David Sloan Wilson of Binghamton University has built his reputation with nuanced and profound contributions to this debate. His new book, Does Altruism Exist? Culture, Genes, and the Welfare of Others, explores the idea that altruism plays a key role in the social organization of groups. The book, co-published by the Templeton Press and Yale University Press, is part of a series titled Foundational Questions in Science.

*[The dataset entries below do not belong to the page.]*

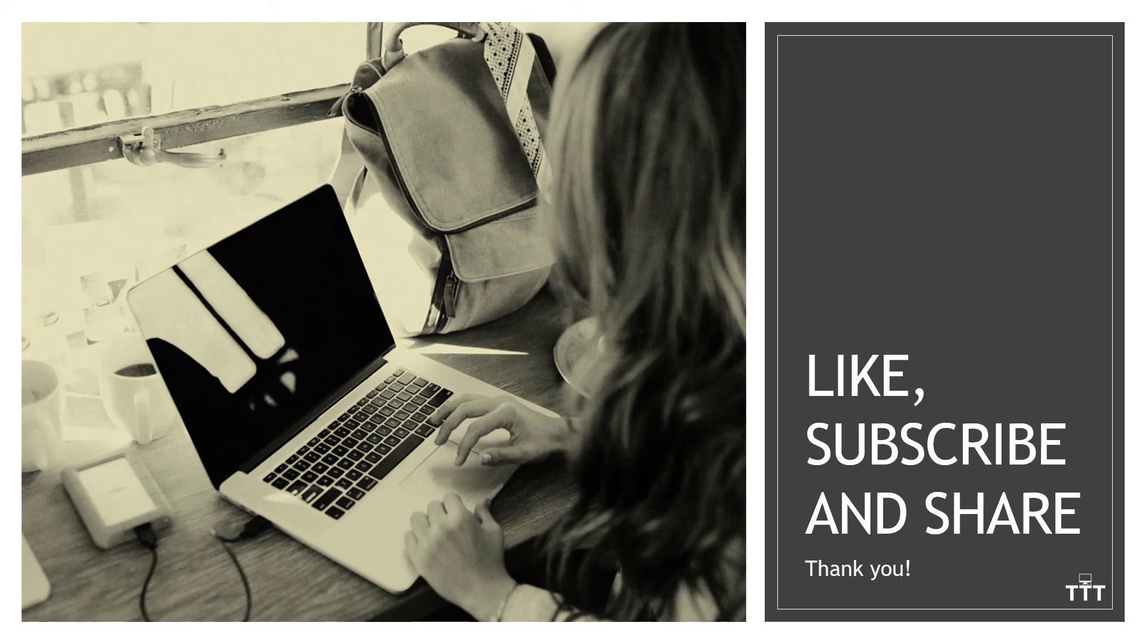If you found the content valuable, we always appreciate the likes, subscribes, and shares. Thank you.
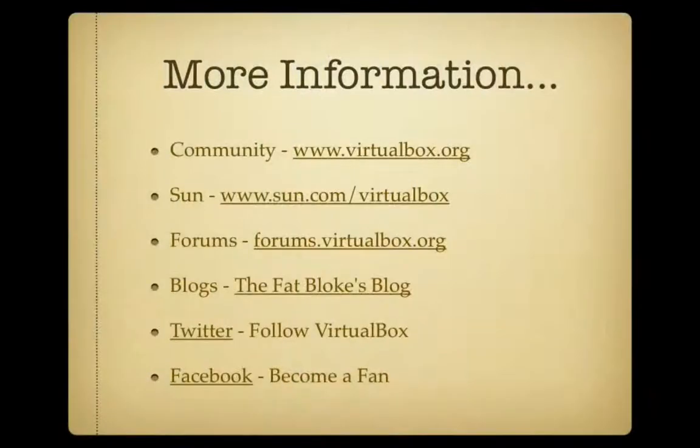Join us again soon on FatBlogTV. Thank you.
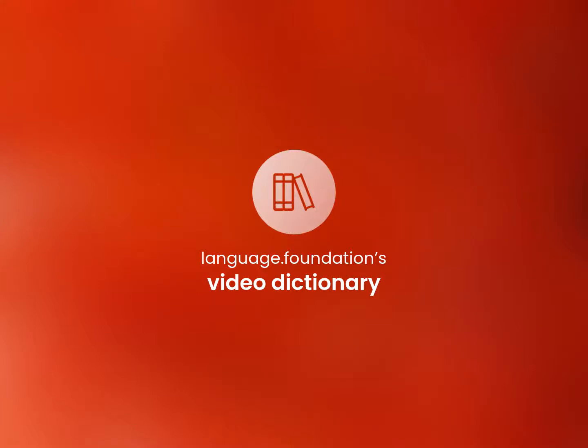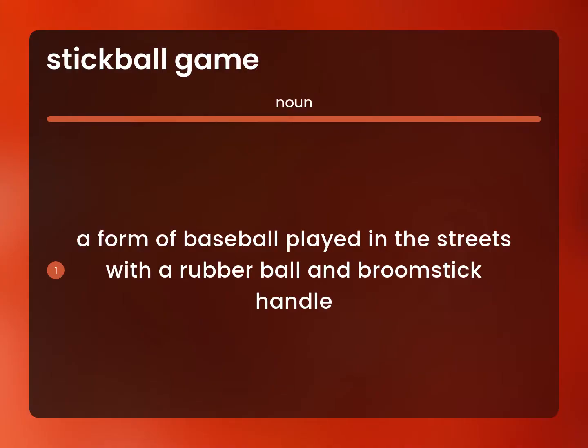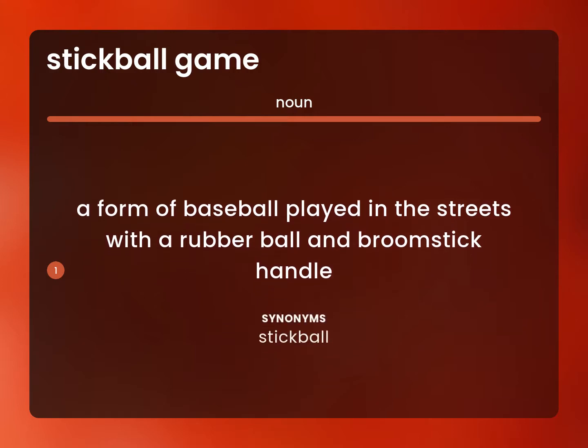Language.Foundation's Video Dictionary, helping you achieve understanding. Stick ball: a form of baseball played in the streets with a rubber ball and broomstick handle.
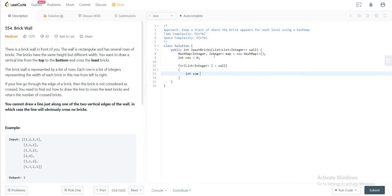Once you're inside the for loop, let's initialize a variable called sum and set it to zero. This will keep track of at what length we're actually seeing the difference between the bricks.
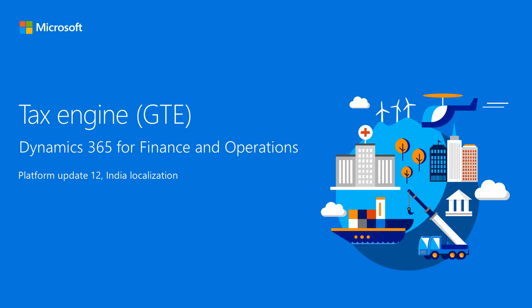This video gives you an overview of the tax engine functionality in Finance and Operations, which is available starting in Platform Update 12. This functionality is for legal entities with a primary address in India.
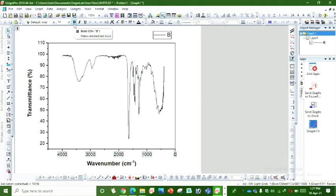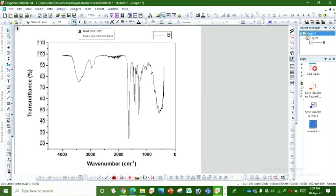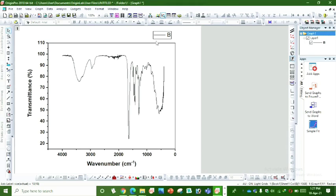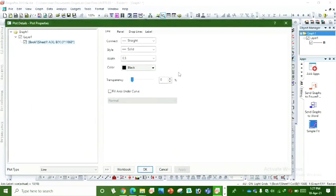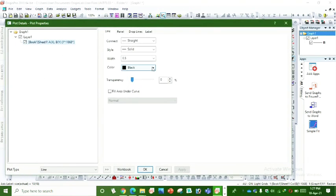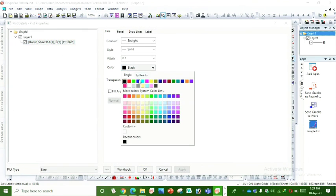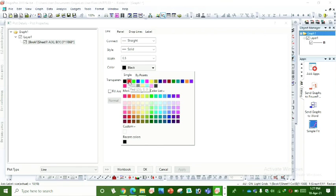And click on B so it will turn into bold form. To change the color of this graph, we click on this line and change the color to your desired form.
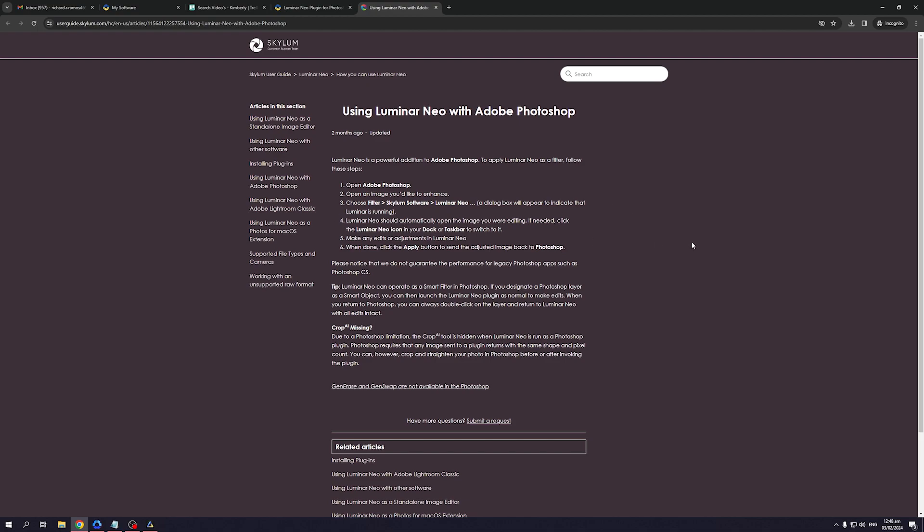Before you do this, you want to make sure that both applications are running. But there's really no need to, it's just for good measure. But once you have both applications running, you should have access to all of the features from Luminar Neo, and you'll be able to use them on Adobe Lightroom.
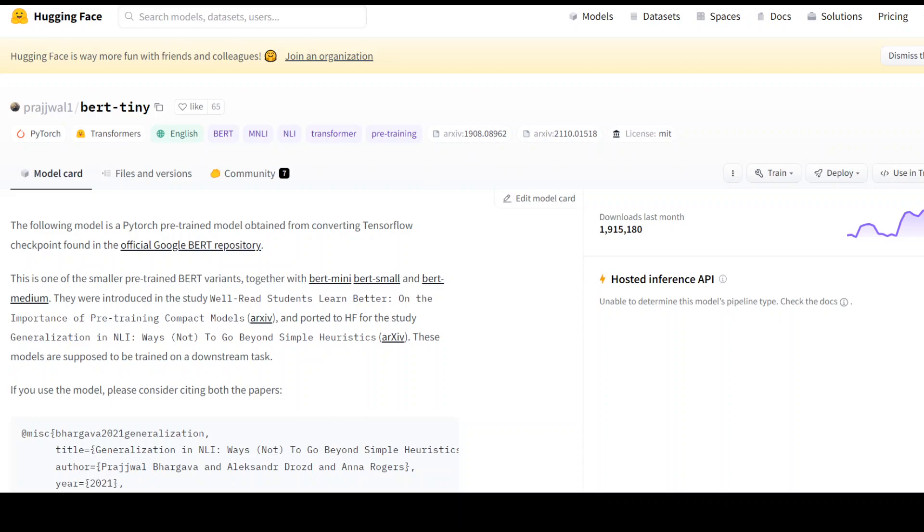In this video, let me introduce you to the world's smallest LLM, which is BERT Tiny by Prajwal1. If you go to its model card on Hugging Face, it's quite interesting. This is one of the smaller pre-trained BERT variants together with BERT Mini, BERT Small, and BERT Medium.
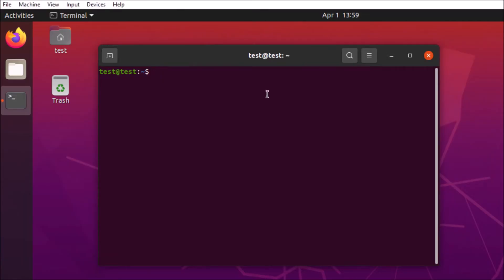First things first, we're going to make sure that we have a version of Python installed. So, we'll run Python version, and it looks like we're working with 2.7.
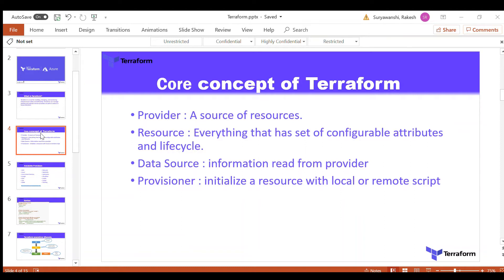Next is the provisioner. A provisioner initializes resources with local or remote scripts. Basically, if you want to execute any script on the local machine where your Terraform code is executing, or on a target machine — for example, after creating a virtual machine with Terraform, you want to install some extensions using PowerShell — you can use the provisioner to run those scripts. That is a very helpful tool.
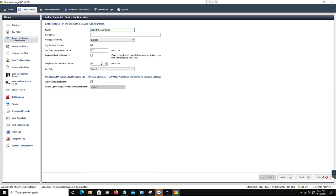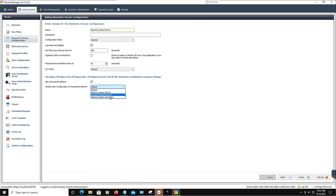Now enable the Allow Remote Enrollment option. From the Default User Policy for Remote Enrollment list, select the user policy that you created and click Next.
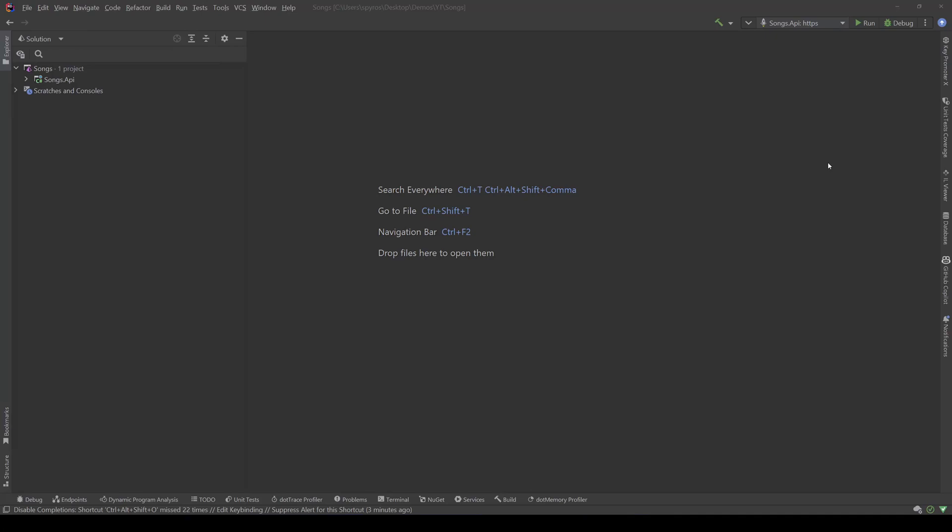Hello guys, my name is Piros Kacis and this is the first video of a small series in which we will focus on Elasticsearch.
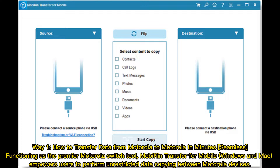Way one: how to transfer data from Motorola to Motorola in minutes. As the premier Motorola switch tool, MobiKin Transfer for Mobile on Windows and Mac empowers users to perform unrestricted data copying between Motorola devices.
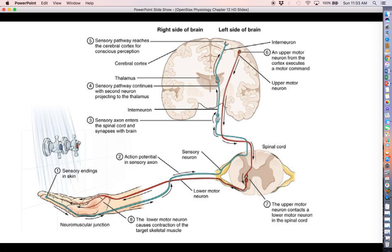That's going to do it for this video. Join us next time — we're going to focus on a specific example of how information flow in neurons might look in a homeostasis loop. Hope you'll join me next time. See you later.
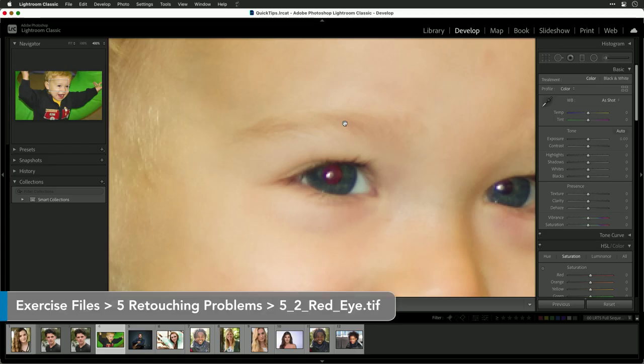Red eye is a pretty uncommon problem these days that's often fixed in camera. But from time to time, it might show up in your images. What it looks like is this.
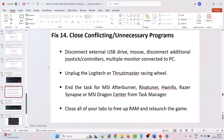The fourteenth solution is to close conflicting or unnecessary programs. Disconnect external USB drives, mouse, additional joystick controllers, or multiple monitors connected to your PC. Unplug any Logitech or Thrustmaster racing wheel, and close MSI Afterburner, RivaTuner, HWiNFO, Razer Synapse, or MSI Dragon Center from Task Manager. Close all unnecessary tabs to free up RAM, then relaunch the game and check.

“Wilson provides the clearest explanation I have seen yet of how selfish-gene theorists, evolutionary-game theorists, and kin selectionists all employ group-selection logic without realizing or admitting it,” writes Oren Harman of Bar-Ilan University in The Chronicle of Higher Education. And all have the same goal, he says: to put to rest millenniums of debate concerning the nature of man, good or bad. Harman’s review also mentions the Science of Generosity Initiative, another project funded by the Foundation, which has worked to link generosity and altruism and herald the resulting benefits.

Economist Herbert Gintis hails the book as “a brilliant contribution to this branch of sociopolitical discourse” in Nature, and Bob Grant of The Scientist attests that Wilson “argues that the social phenomenon does indeed exist and constructs a solid theoretical foundation for how the selfless behavior evolved and operates in social animals, especially humans.”

“This work on altruism…extends across a range of problems including religion,” says science philosopher Michael Ruse. “If you only read one book on the topic, make it this one.”